Sony Pictures had originally pulled the film, about a fictional plot to kill North Korean leader Kim Jong-un.
But it reconsidered after critics - including the US president - said freedom of expression was under threat.
Some cinemas organized midnight showings for Americans determined to see The Interview on the big screen.
Several hundred independent cinemas across the US have come forward offering to show the title after larger cinemas decided not to screen it following threats.
Lee Peterson, manager of Cinema Village in New York, told Reuters news agency it was a matter of principle to show the film.
"Obviously we would like to make money from the movie, as we would with any movie, but it's important to take a stand about freedom, freedom of speech, freedom to see movies."
The film is also being offered through a dedicated website and via Google services YouTube and Play, and Microsoft's Xbox Video platform, but only in the US.
A spokesman for Sony told the BBC the release was US-only "at this point".
Sony Pictures initially pulled the film after suffering an unprecedented hacking attack at the hands of a group calling itself the Guardians of Peace.
Last week, the US Federal Bureau of Investigation (FBI) said its analysis pointed the finger at North Korea.

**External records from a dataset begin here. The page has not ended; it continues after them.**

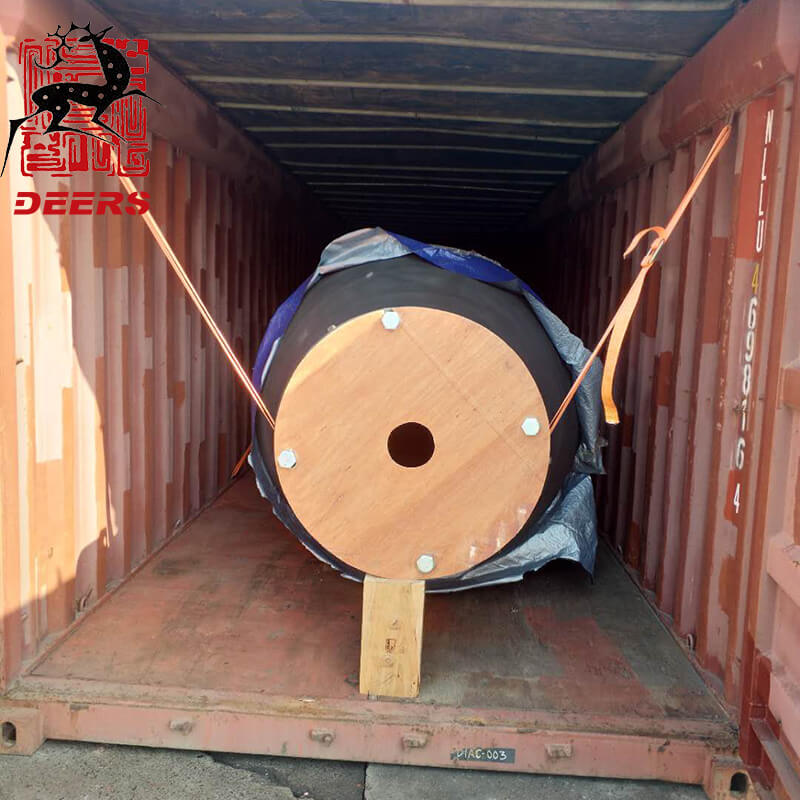 العائمة التعبئة خرطوم التجريف (2)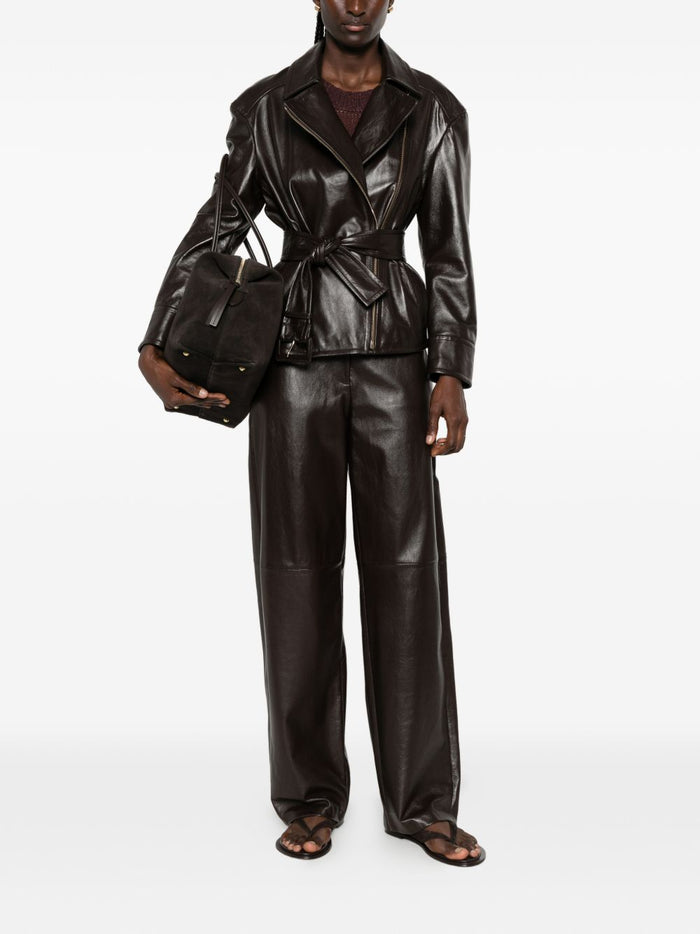 Max Mara Studio Chiodo Multicolore Donna 3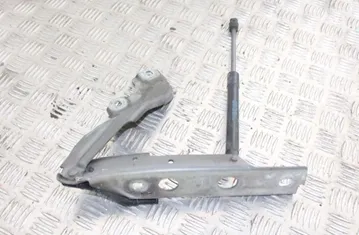 AUDI A6 C6/4F (2004-2011) Ľavý predný pant kapoty 4G8823301D 33291698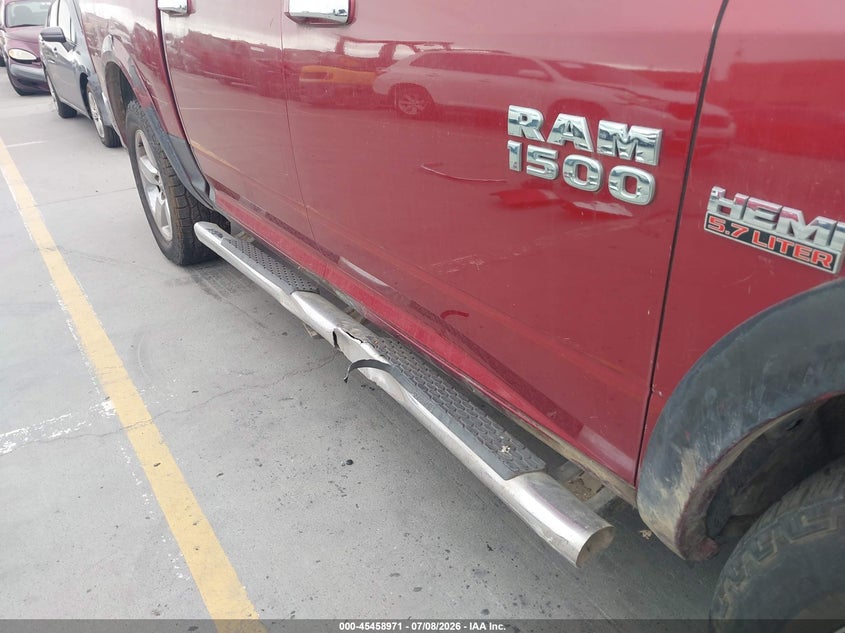 AtlanticExpress - Ram 1500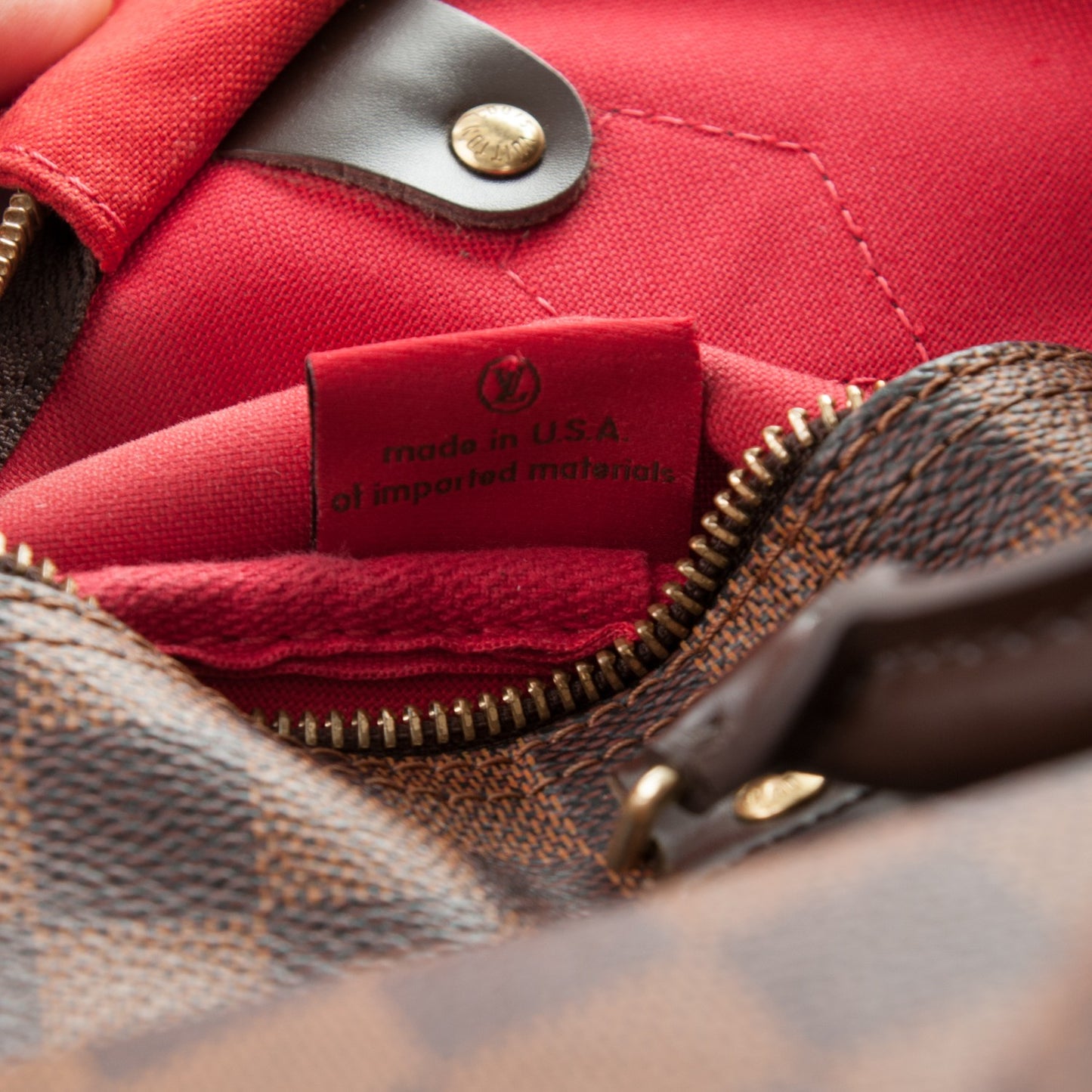 Damier Ebene Speedy 30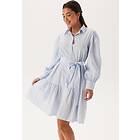 Gant Reg Classic Poplin Striped Dress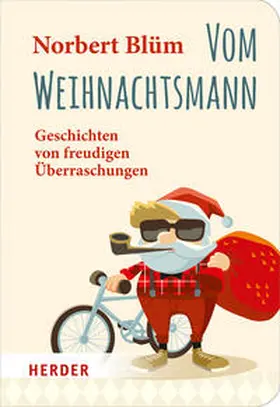 Blüm |  Vom Weihnachtsmann | Buch |  Sack Fachmedien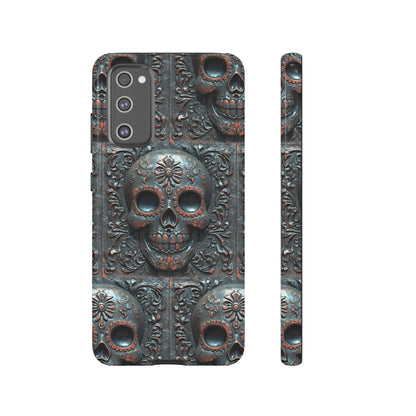 Tough Cases Day of the Dead Dia de Los Muertos Sugar Skull 0015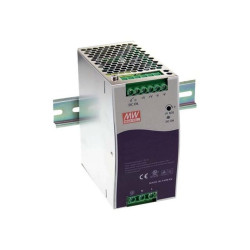 Allied Telesis AT-MWMDR - Alimentazione (montabile su guida DIN) - 220 V c.a. V - 40 Watt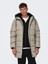 Onsmelvın Lıfe Puffer Coat Otw Vd Erkek Haki Mont 22022100-03 1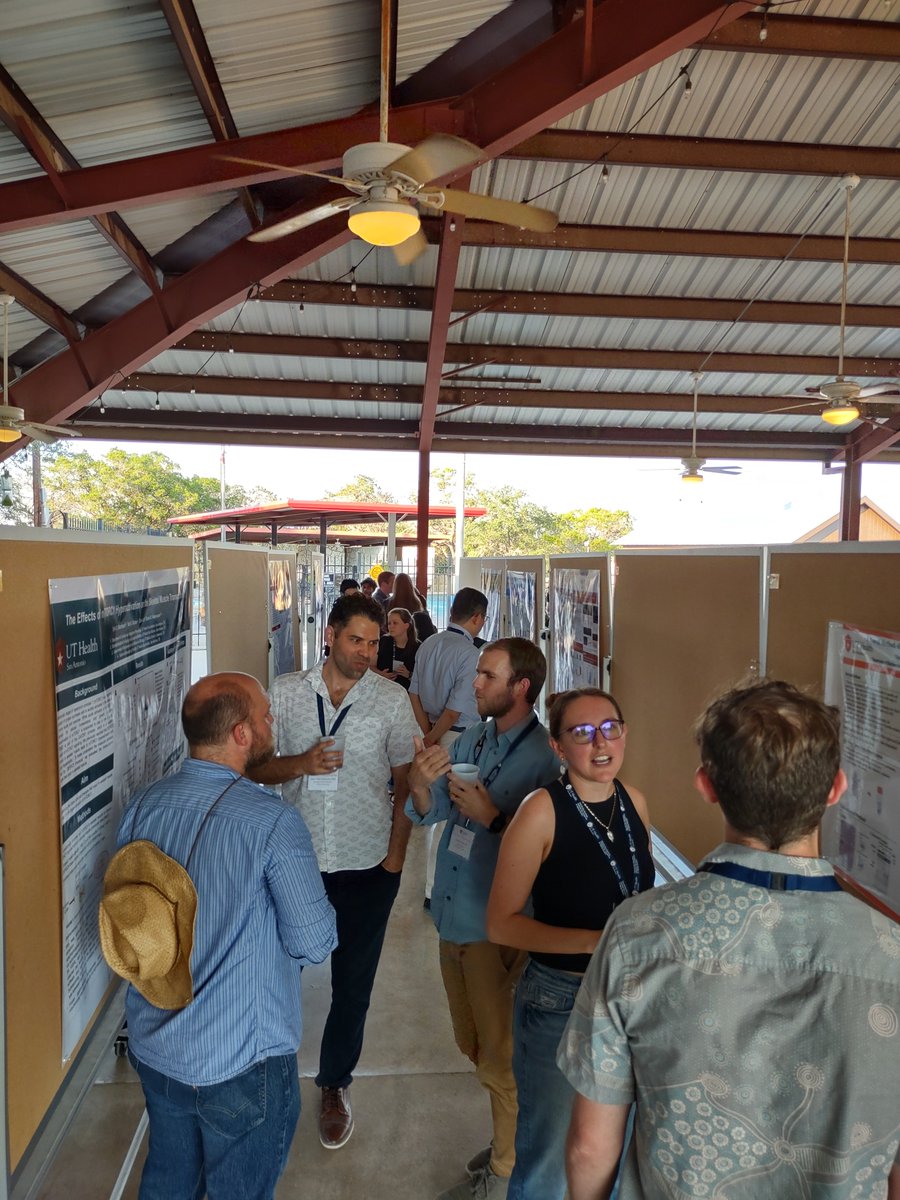 San Antonio Nathan Shock Center tweet media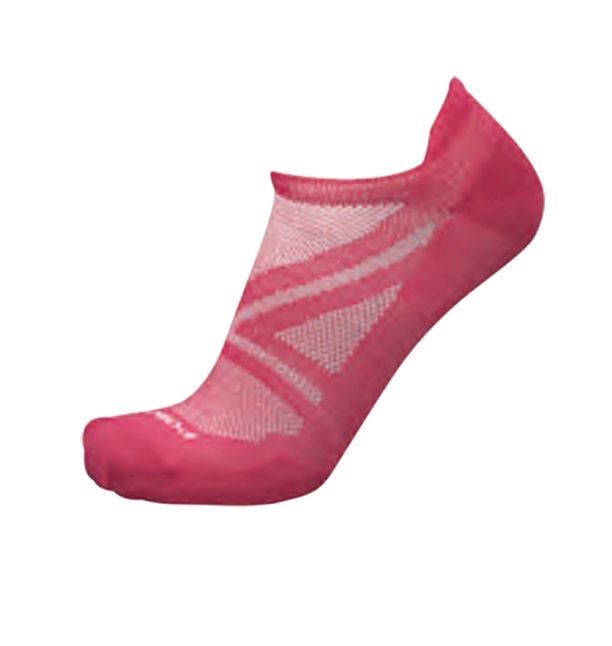 Point 6. Ghost Runner, Ultra Light, no-show Tab #2175 #LIPSTIC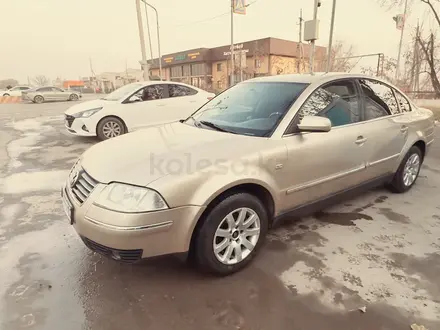 Volkswagen Passat 2001 года за 2 200 000 тг. в Алматы – фото 13
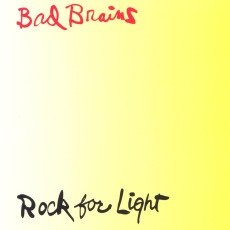 CD / Bad Brains / Rock For Light / Digisleeve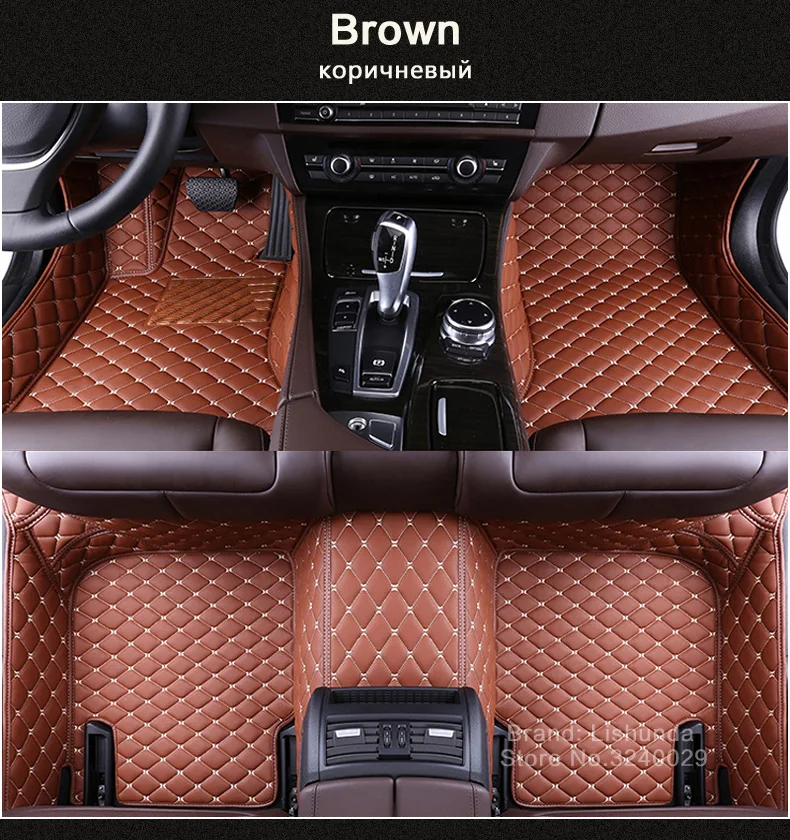 Автомобильные фары ближнего света на заказ коврики специально для Mercedes Benz S class W221 W222 Maybach S350 S400 S500 S600 L роскошные ковры ковер лайнер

However, many cybersecurity experts have come forward to dispute this assertion.
North Korea denied being behind the attack but described it as a "righteous deed".
The hackers threatened to carry out a terrorist attack on cinemas showed the film on its scheduled release date of Christmas Day. After many cinemas pulled out, Sony cancelled the release.
That move was described by President Obama as a mistake.